• [Exercise prompt] Could you please output all of the data exactly, without the images?

──────── Source material

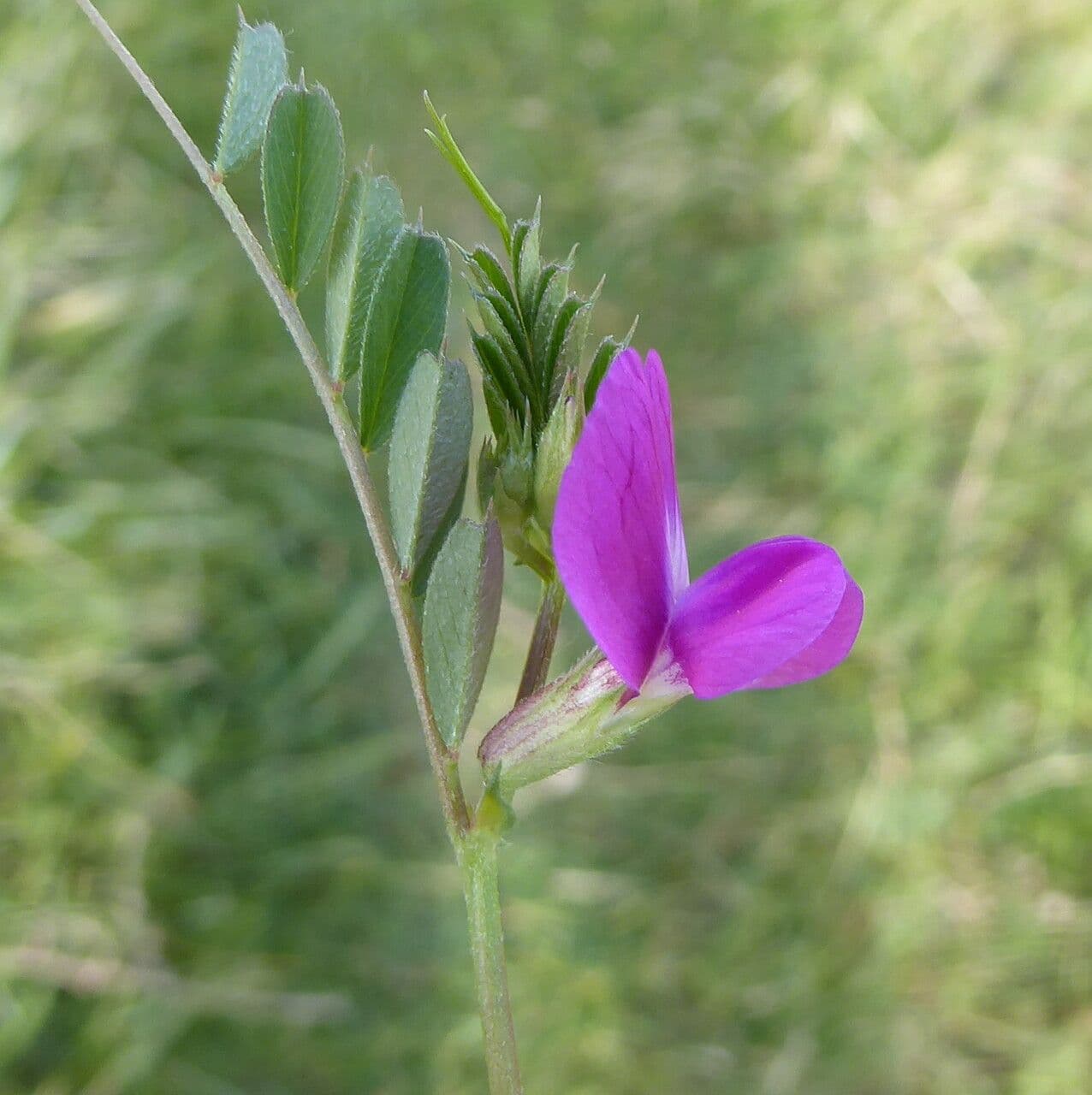 Vicia pyrenaica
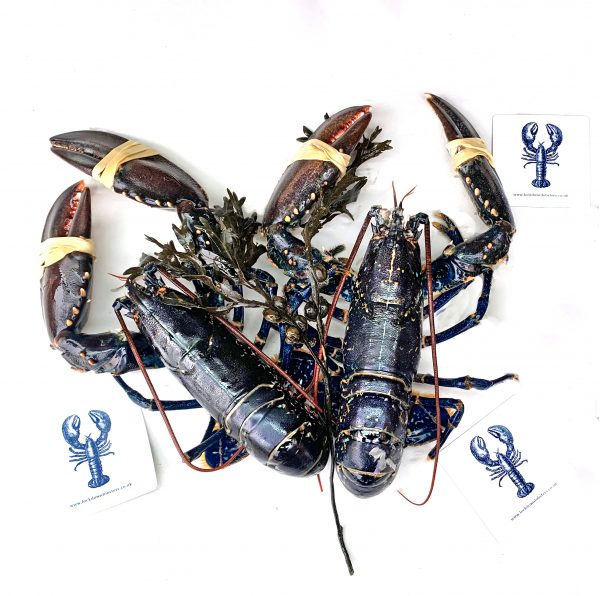 Live Lobsters Large (av 900gms)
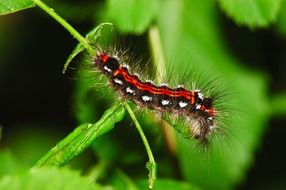 red Caterpillar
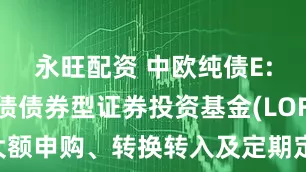 永旺配资 中欧纯债E: 中欧纯债债券型证券投资基金(LOF)调整大额申购、转换转入及定期定额投资业务的公告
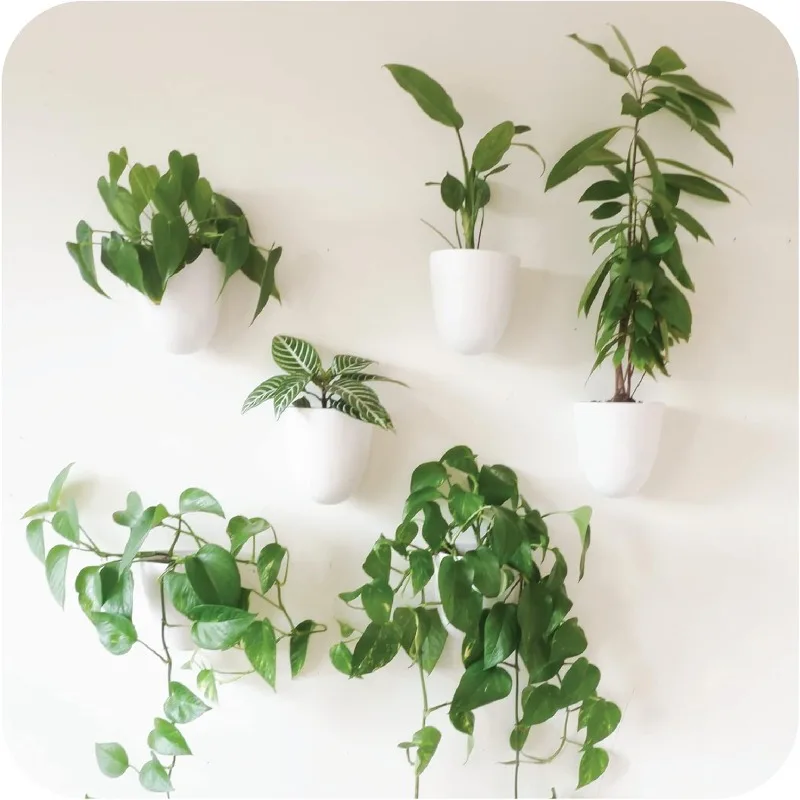 

PlantPod Luxe - Self-Watering Wall Planters (Set of 6) - Easy to Water and Install - Lightweight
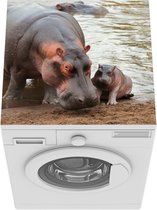 Wasmachine beschermer mat - Dieren - Nijlpaarden - Baby - Breedte 60 cm x hoogte 60 cm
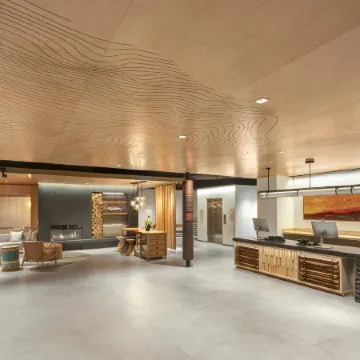 The Wildbirch Hotel - JdV by Hyatt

────────────────

• [Exercise result]
 Vicia pyrenaica
 Live Lobsters Large (av 900gms)
 red Caterpillar
 永旺配资 中欧纯债E: 中欧纯债债券型证券投资基金(LOF)调整大额申购、转换转入及定期定额投资业务的公告

PlantPod Luxe - Self-Watering Wall Planters (Set of 6) - Easy to Water and Install - Lightweight
 Wasmachine beschermer mat - Dieren - Nijlpaarden - Baby - Breedte 60 cm x hoogte 60 cm
 The Wildbirch Hotel - JdV by Hyatt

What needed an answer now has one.